The Centre was founded in 1985 by the pioneering physician and bioethicist John Beamish Dossetor. As a member of the Faculty of Medicine & Dentistry, Dossetor led an informal Innominate Committee composed of individuals from nursing (Janet Storch, Donna Smith), medicine (David Schiff), chaplaincy (Doug Cossor, Cullene Bryant), law (Ellen Picard, Margaret Shone), and philosophy (Glenn Griener). This group met regularly to discuss challenging clinical cases that exposed the ethics of decision-making. Over time, these meetings spurred planning for a health ethics centre. The Joint Faculties Bioethics Project was launched with the encouragement and support from the Presidents of the University of Alberta, the University Hospitals, the Deans of the health faculties, and the Medical Research Council of Canada in June 1986.

Over the subsequent years, the Joint Faculties Bioethics Project supported interdisciplinary ethics scholarship in education, research, and clinical service. For example, from the cooperation of John Dossetor in medicine, Glenn Griener in philosophy, and Tom Dailey in theology, a clinical ethics curriculum was developed in concert with clinical experts in various medical specialties. A collaborative conference with the Hastings Center bioethics research institute in 1989 was another highlight from these early years.

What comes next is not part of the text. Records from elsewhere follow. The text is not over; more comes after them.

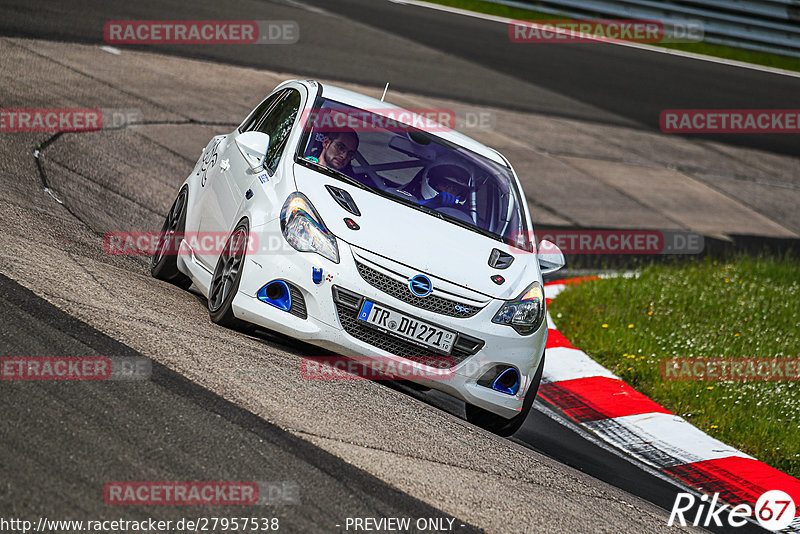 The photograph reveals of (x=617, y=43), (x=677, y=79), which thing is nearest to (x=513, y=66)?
(x=677, y=79)

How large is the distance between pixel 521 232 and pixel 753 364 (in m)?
2.99

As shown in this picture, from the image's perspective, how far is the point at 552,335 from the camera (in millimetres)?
9078

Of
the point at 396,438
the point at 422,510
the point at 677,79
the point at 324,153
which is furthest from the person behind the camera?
the point at 677,79

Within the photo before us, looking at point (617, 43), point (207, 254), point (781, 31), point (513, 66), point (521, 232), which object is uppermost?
point (781, 31)

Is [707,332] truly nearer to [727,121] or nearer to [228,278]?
[228,278]

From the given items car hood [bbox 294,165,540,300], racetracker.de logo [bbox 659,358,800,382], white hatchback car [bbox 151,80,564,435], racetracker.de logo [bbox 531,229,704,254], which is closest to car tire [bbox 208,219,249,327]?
white hatchback car [bbox 151,80,564,435]

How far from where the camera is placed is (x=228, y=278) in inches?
244

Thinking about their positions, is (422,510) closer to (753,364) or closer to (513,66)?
(753,364)

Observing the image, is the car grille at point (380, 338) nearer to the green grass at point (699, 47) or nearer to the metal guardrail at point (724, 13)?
the green grass at point (699, 47)

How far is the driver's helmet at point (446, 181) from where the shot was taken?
6879mm

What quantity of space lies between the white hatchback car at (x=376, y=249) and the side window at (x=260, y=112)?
273 millimetres

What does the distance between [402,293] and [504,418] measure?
114cm

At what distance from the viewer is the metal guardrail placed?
2517 cm

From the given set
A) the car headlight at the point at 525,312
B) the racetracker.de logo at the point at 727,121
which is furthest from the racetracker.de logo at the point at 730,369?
the racetracker.de logo at the point at 727,121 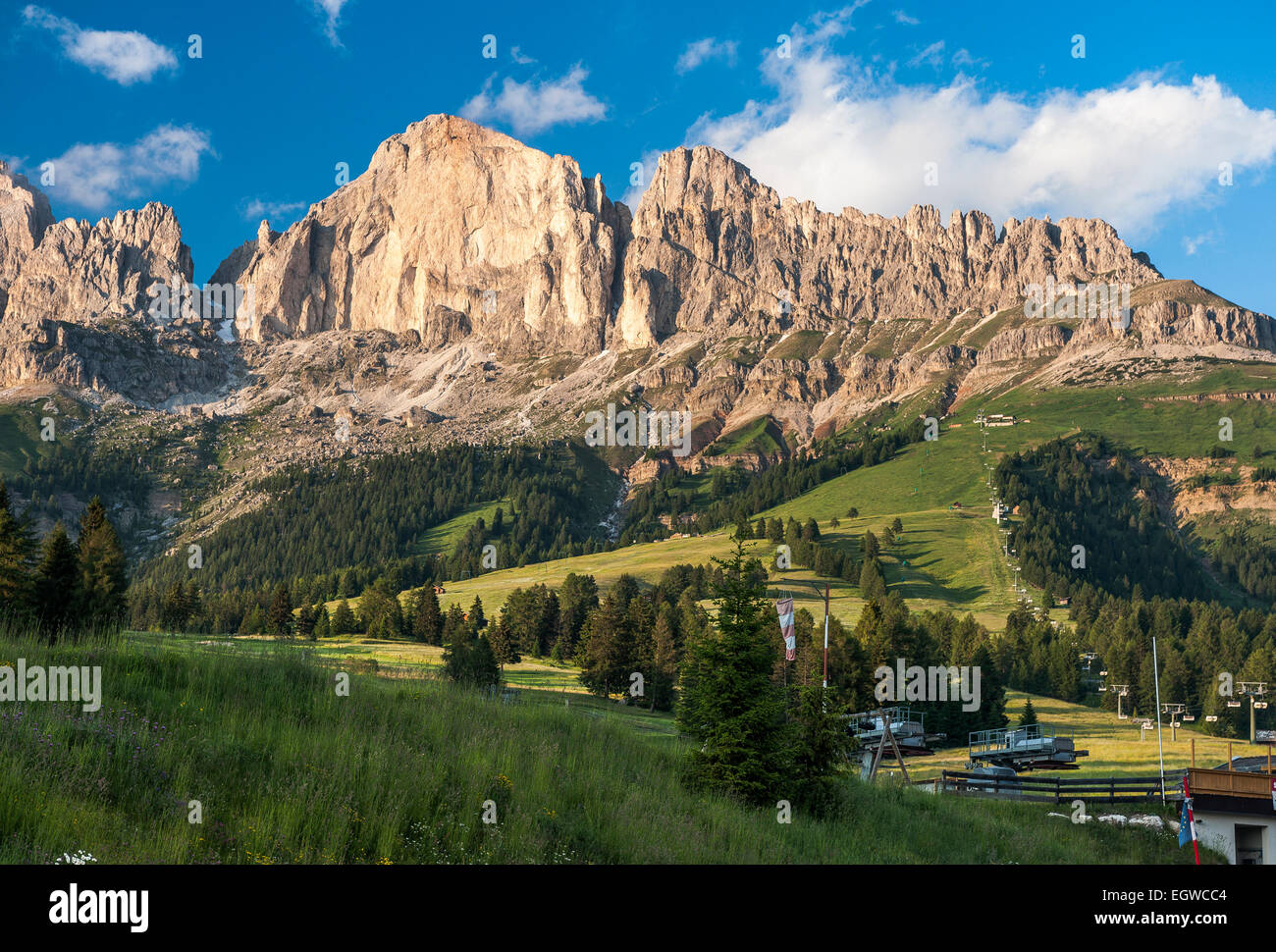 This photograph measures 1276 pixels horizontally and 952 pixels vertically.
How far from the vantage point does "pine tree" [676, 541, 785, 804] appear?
17.8 meters

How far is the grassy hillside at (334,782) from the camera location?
29.0 ft

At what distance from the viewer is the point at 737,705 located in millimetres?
19469

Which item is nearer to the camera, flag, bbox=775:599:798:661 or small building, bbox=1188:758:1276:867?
flag, bbox=775:599:798:661

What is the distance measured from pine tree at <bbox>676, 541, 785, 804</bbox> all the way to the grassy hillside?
0.87 m

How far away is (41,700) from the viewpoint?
10891 millimetres

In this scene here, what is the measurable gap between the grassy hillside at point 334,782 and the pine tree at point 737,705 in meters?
0.87

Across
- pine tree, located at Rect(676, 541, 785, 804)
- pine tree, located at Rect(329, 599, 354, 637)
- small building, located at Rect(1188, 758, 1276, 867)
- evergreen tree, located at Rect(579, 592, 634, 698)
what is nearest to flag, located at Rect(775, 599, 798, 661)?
pine tree, located at Rect(676, 541, 785, 804)

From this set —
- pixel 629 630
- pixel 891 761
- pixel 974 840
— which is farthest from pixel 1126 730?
pixel 974 840

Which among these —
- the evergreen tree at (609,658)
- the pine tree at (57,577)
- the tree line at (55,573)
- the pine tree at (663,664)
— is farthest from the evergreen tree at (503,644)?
the pine tree at (57,577)

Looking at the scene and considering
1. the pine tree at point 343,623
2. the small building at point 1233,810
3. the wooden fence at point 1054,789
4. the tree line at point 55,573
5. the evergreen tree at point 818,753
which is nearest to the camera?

In 1990, bioethics was given official status with the creation of the Division of Bioethics. The Division and the Joint Faculties Bioethics Project comprised the Bioethics Centre. In January 1998, in recognition of his outstanding contributions to health ethics, the Centre was renamed The John Dossetor Health Ethics Centre. The change to “health ethics” from “bioethics” indicated a broader focus on ethics across health domains than the more specialized, technical focus of bioethics.

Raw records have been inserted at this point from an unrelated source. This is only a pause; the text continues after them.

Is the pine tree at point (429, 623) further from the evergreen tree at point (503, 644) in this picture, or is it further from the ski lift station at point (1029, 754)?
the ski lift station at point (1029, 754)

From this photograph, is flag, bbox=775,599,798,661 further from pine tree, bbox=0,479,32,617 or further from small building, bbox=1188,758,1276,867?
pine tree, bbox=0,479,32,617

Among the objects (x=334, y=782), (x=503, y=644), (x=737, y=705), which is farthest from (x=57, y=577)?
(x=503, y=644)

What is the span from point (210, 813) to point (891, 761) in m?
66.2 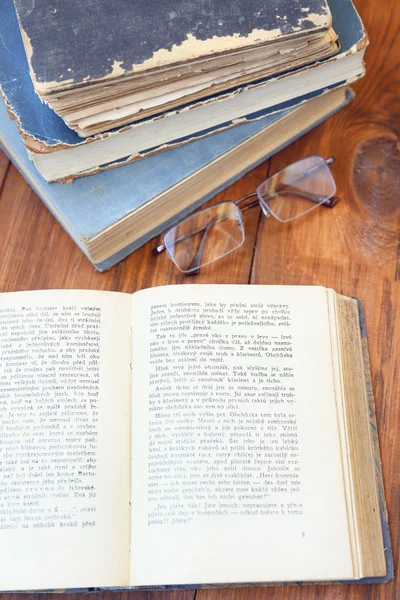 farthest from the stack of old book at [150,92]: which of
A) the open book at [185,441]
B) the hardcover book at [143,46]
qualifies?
the open book at [185,441]

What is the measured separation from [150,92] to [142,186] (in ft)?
0.37

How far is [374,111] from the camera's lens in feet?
2.80

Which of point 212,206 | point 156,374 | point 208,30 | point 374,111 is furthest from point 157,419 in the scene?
point 374,111

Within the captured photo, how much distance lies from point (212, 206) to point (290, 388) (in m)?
0.25

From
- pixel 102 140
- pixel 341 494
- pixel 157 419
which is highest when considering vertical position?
pixel 102 140

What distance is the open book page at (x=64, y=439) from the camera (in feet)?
2.09

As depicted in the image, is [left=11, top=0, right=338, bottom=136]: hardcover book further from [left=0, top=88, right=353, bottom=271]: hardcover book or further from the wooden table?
the wooden table

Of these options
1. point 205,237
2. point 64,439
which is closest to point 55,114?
point 205,237

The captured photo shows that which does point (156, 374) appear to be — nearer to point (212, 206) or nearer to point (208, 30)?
point (212, 206)

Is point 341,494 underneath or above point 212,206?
underneath

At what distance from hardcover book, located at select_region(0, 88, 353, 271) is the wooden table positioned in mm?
30

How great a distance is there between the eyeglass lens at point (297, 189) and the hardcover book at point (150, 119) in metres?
0.10

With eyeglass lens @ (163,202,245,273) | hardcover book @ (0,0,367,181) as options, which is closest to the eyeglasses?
eyeglass lens @ (163,202,245,273)

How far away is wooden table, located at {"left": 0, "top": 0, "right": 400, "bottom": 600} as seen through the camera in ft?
→ 2.54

Vangie Bergum, Faculty of Nursing, is a key figure in the history of the Dossetor Centre. Her research situated ethics within human relationships. She explored the experience of mothering, which led to two books: Woman to Mother. A Transformation (1989), and A Child on Her Mind. The Experience of Becoming a Mother (1997). Her exploration of relational ethics supported an interdisciplinary research project resulting in the 2005 book Relational Ethics. The Full Meaning of Respect (co-authored with Dossetor).

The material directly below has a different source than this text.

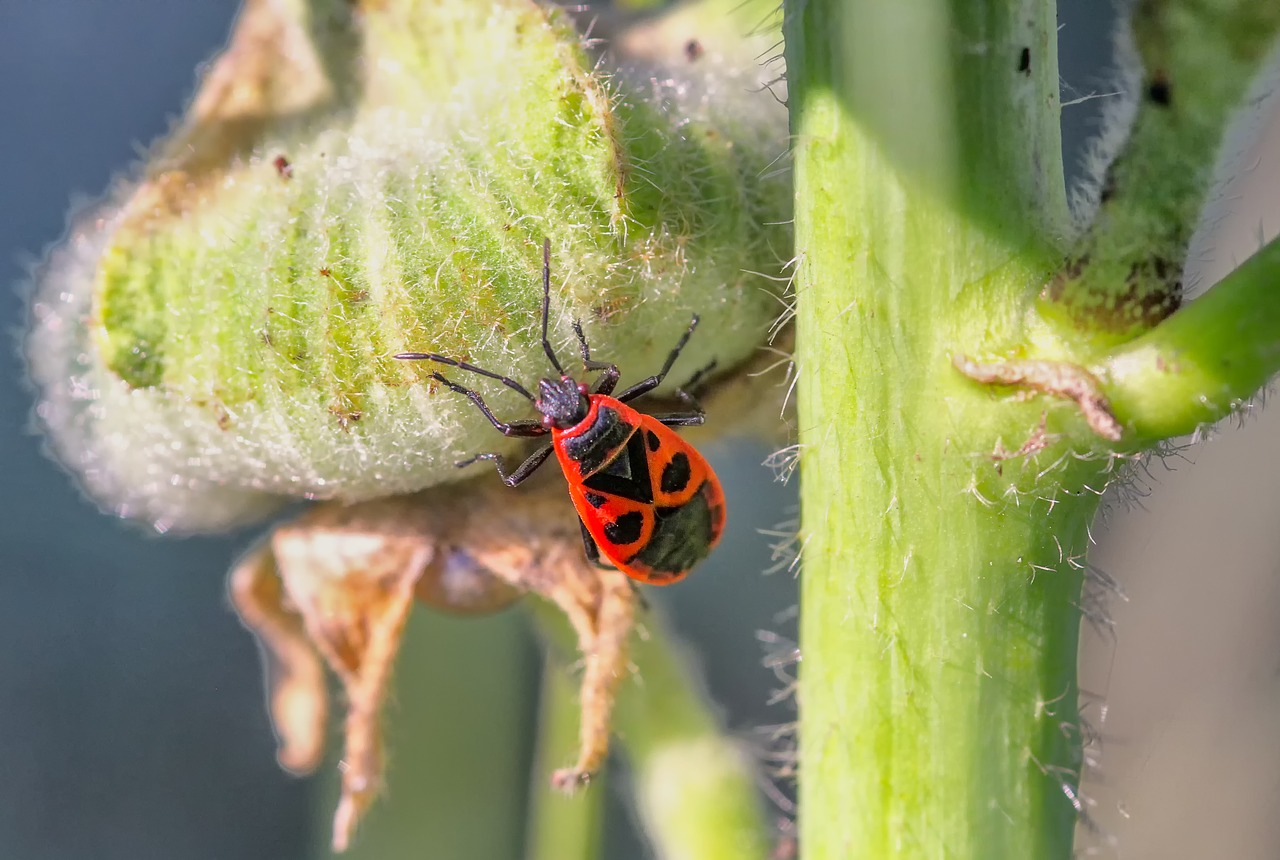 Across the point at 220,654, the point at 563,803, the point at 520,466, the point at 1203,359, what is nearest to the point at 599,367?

Paul Byrne, from the Faculty of Medicine & Dentistry, has supported the Centre throughout his career at the University of Alberta in clinical ethics; education of students in medicine, nursing, and other health science disciplines; and research projects on such topics as ethical decision making in perinatal medicine.

Wendy Austin, from the Faculty of Nursing, explored core elements of relational ethics and their application in healthcare environments. Her research programs’ aims included identifying and exploring relational ethics issues in mental health, developing a relational ethics perspective on research ethics, exploring ways to prepare healthcare practitioners and researchers for ethical practice, and advancing the theoretical basis of relational ethics. Other key individuals from nursing include Janet Kerr, Donna Smith, and Jeanne Van Der Zalm.

Dick Sobsey, Educational Psychology, worked to improve healthcare, educational opportunities, and social conditions for people with disabilities and their families. He studied the changes in families that occur as a result of having a child with a significant disability, focusing on positive changes. And he explored ethical and human rights issues, particularly as they are related to people with disabilities.

Gary Goldsand, Brendan Leier, and other clinical ethicists have supported the development of ethics education, public engagement, and other centre activities. The Dossetor Centre is essentially linked to clinical ethics service delivery as members develop scholarship in ethics to clinical practice.

The Dossetor Centre would not have survived without the commitment and work of administrative leads such as Carol Nahorniak, who has managed the Centre over the years.

 The John Dossetor Health Ethics Centre came under the aegis of the Coordinating Council of Health Sciences (renamed Health Sciences Council in 2001) until it moved under the Faculty of Medicine in 2010. Throughout its history, the Centre has benefited from interdisciplinary collaboration, including but not limited to, Nursing, Medicine, Rehabilitation Medicine, Law, Philosophy, and Spiritual Care through its history. The John Dossetor Health Ethics Centre (is the only interdisciplinary, academic ethics centre in Alberta, and one of the first in Canada.